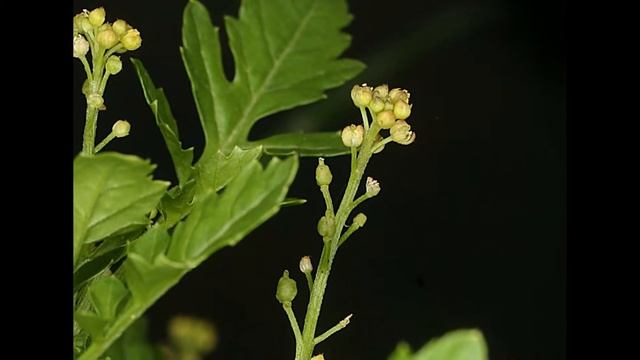 ЖЕРУШНИК (RORIPPA) сем. Крестоцветные смотреть онлайн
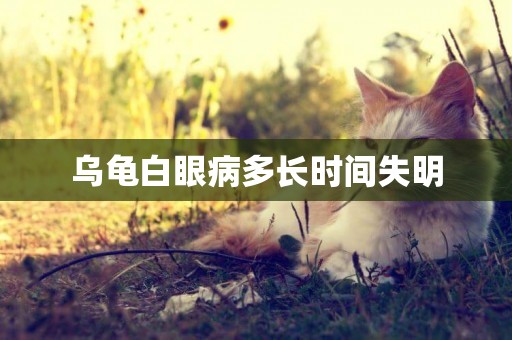 烏龜白眼病多長時間失明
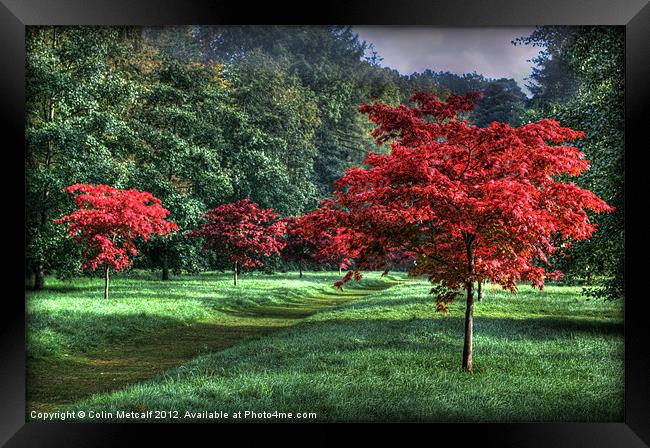 Autumn Avenue Framed Print by Colin Metcalf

Prompt — The pictures in the data should be omitted, and every remaining line set down exactly.

Exercise output —
 ЖЕРУШНИК (RORIPPA) сем. Крестоцветные смотреть онлайн
 烏龜白眼病多長時間失明
 Autumn Avenue Framed Print by Colin Metcalf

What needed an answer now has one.